# THE PROBLEM:
Copy exactly the lines of the data below, beginning with the line with "Traumtisch aus Altholz" and ending with the line with "Elkhart Lake 2018: Direkt". Pictures are to be omitted.

# DATA IN THIS EXERCISE:
____________
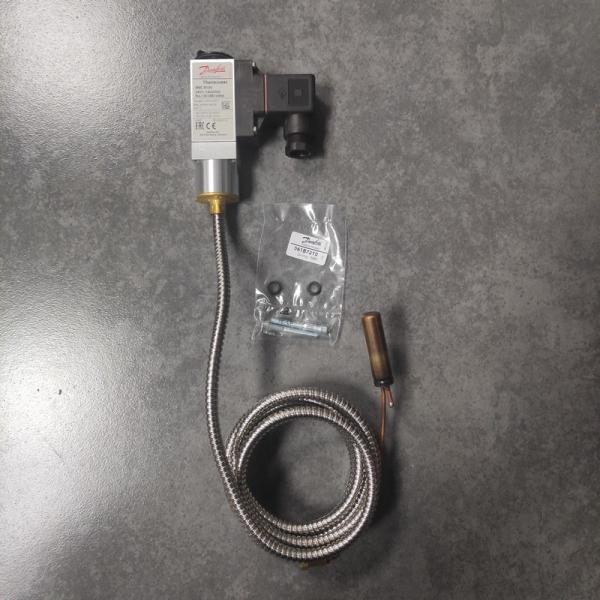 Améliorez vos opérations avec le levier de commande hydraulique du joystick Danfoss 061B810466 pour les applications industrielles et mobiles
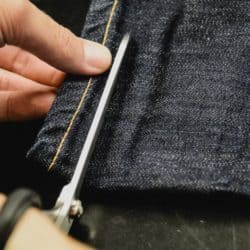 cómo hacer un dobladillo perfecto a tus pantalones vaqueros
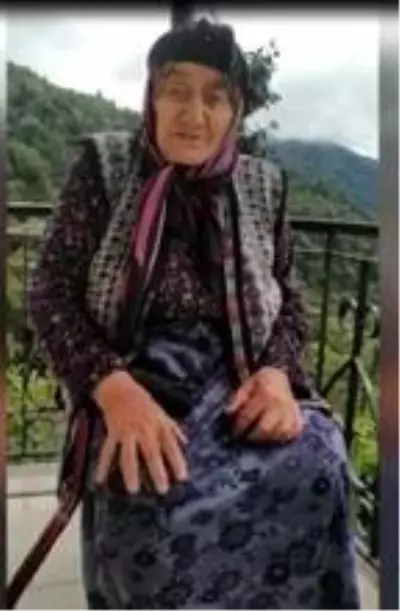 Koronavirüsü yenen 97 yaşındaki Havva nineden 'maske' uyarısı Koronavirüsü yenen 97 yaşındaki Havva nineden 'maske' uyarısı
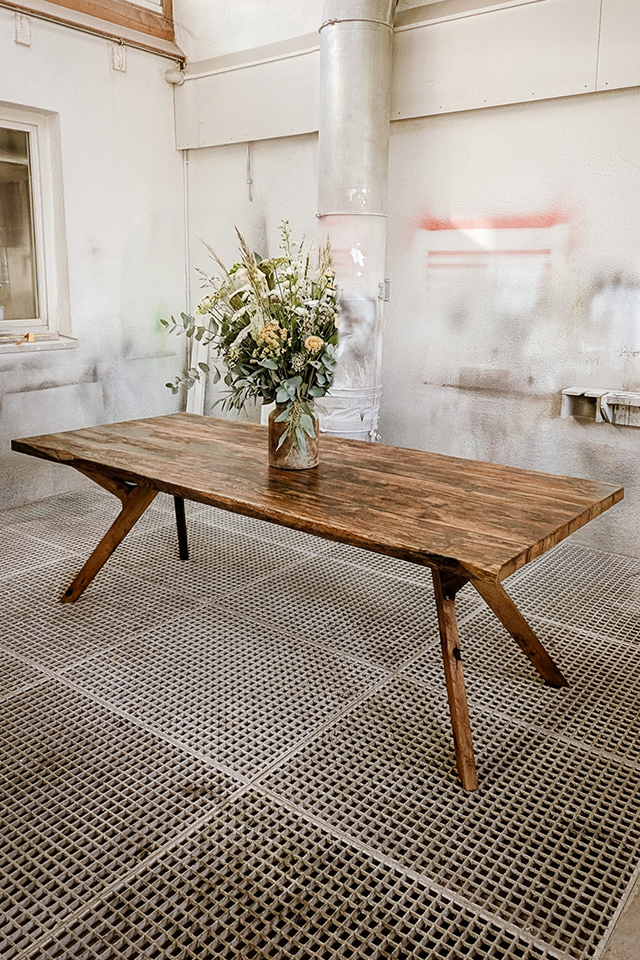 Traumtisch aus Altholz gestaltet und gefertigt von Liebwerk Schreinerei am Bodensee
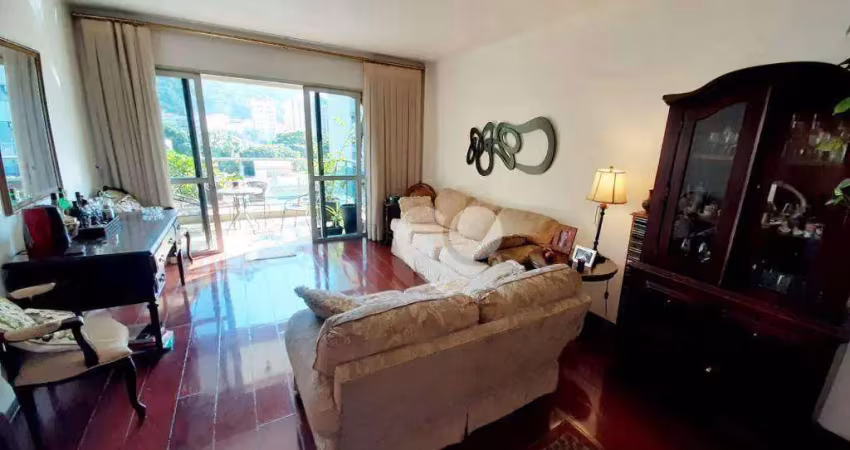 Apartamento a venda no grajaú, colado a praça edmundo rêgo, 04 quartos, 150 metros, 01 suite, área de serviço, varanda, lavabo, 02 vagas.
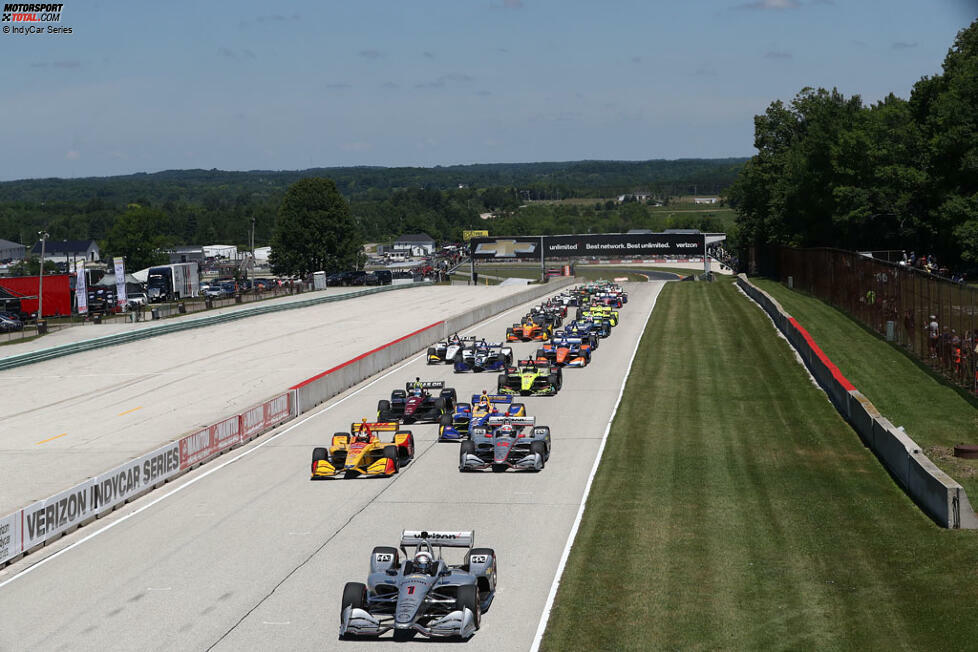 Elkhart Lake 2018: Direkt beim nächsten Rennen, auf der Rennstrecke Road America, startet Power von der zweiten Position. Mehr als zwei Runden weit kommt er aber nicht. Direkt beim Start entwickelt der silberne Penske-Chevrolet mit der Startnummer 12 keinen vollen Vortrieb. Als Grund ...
____________
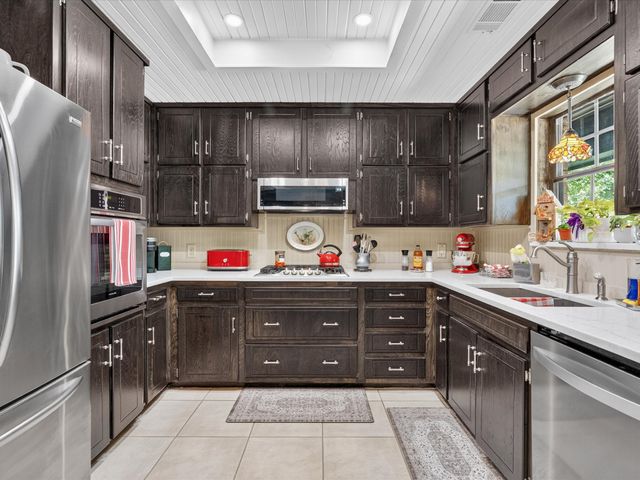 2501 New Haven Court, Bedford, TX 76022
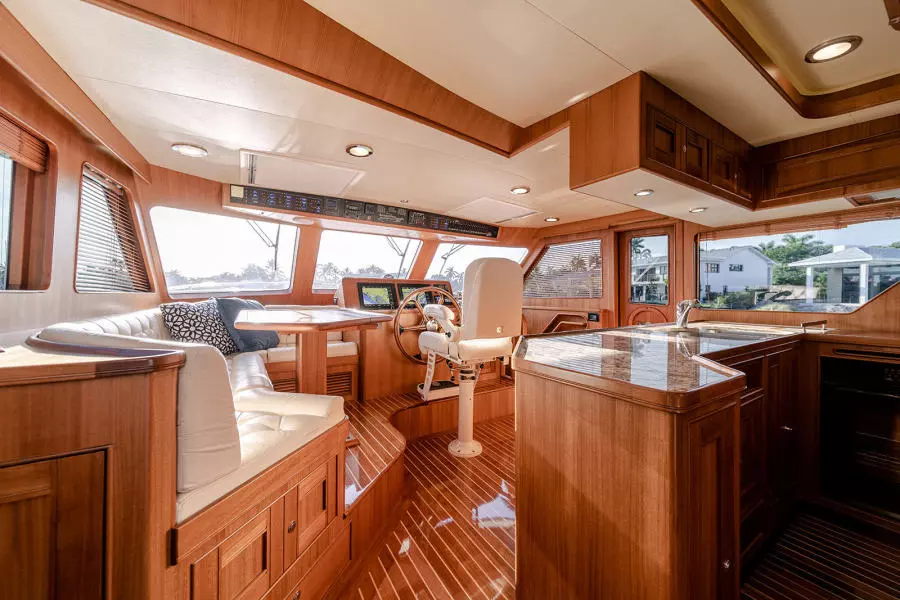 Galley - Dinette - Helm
____________
# RESULT FOR THIS EXERCISE:
 Traumtisch aus Altholz gestaltet und gefertigt von Liebwerk Schreinerei am Bodensee
 Apartamento a venda no grajaú, colado a praça edmundo rêgo, 04 quartos, 150 metros, 01 suite, área de serviço, varanda, lavabo, 02 vagas.
 Elkhart Lake 2018: Direkt beim nächsten Rennen, auf der Rennstrecke Road America, startet Power von der zweiten Position. Mehr als zwei Runden weit kommt er aber nicht. Direkt beim Start entwickelt der silberne Penske-Chevrolet mit der Startnummer 12 keinen vollen Vortrieb. Als Grund ...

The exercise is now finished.